A poupança refere-se ao dinheiro que deixamos de lado depois de retirarmos as despesas ao rendimento disponível. Também podemos associar a poupança a um seguro, a uma forma de transferir risco ou a uma opção sobre o futuro. Do ponto de vista económico, onde o consumo desempenha um papel importante, a poupança significa adiar consumo.

Certo é que a poupança contribui para o bem-estar financeiro e para o estilo de vida. É uma espécie de energia renovável que é preciso alimentar. Por isso: Pay yourself first!

PUB • CONTINUE A LER A SEGUIR

O que significa definirmos a poupança como prioridade?

É um ato de empreendedorismo. Significa:

  • Colocar a poupança à frente do consumo;
  • Definir quanto vamos poupar e só depois quanto vamos gastar.

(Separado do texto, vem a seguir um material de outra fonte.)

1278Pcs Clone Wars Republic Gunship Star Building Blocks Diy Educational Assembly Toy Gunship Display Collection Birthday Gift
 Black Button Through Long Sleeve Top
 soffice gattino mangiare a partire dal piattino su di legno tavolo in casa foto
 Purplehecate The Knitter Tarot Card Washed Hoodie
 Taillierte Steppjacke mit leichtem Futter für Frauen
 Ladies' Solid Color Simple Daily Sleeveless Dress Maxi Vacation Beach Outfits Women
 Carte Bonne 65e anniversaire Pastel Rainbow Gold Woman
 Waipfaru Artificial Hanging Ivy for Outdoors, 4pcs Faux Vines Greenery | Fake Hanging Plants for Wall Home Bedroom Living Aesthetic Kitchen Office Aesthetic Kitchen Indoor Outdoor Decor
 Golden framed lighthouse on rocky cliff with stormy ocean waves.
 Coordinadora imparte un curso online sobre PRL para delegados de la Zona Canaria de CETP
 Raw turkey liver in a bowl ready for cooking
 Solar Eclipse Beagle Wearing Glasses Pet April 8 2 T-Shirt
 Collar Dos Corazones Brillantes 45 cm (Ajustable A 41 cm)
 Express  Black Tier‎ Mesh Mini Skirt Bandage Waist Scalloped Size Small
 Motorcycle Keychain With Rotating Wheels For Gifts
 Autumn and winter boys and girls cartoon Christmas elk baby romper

Consideremos então três razões para poupar:

  • Concretização de objetivos;
  • Constituição de um fundo de emergência para situações inesperadas;
  • Satisfação pessoal – o património invisível que nos permite consumir e manter ou melhorar o estilo de vida no futuro.

A poupança para a independência financeira

A poupança pode ser construída ao longo dos anos, mas também pode ser herdada, transferida entre gerações, seja na forma de dinheiro ou de bens reais.

A construção e gestão da poupança envolve a seleção de instrumentos ou tipologias de investimento, tais como depósitos a prazo, fundos de investimento ou ETF, PPR, seguros, o investimento direto numa carteira de ações, obrigações ou matérias-primas. Mas também investimentos alternativos em imobiliário, arte, ouro, bitcoin, NFT ou outros que possibilitem obter remuneração de acordo com a nossa tolerância ao risco e preferências.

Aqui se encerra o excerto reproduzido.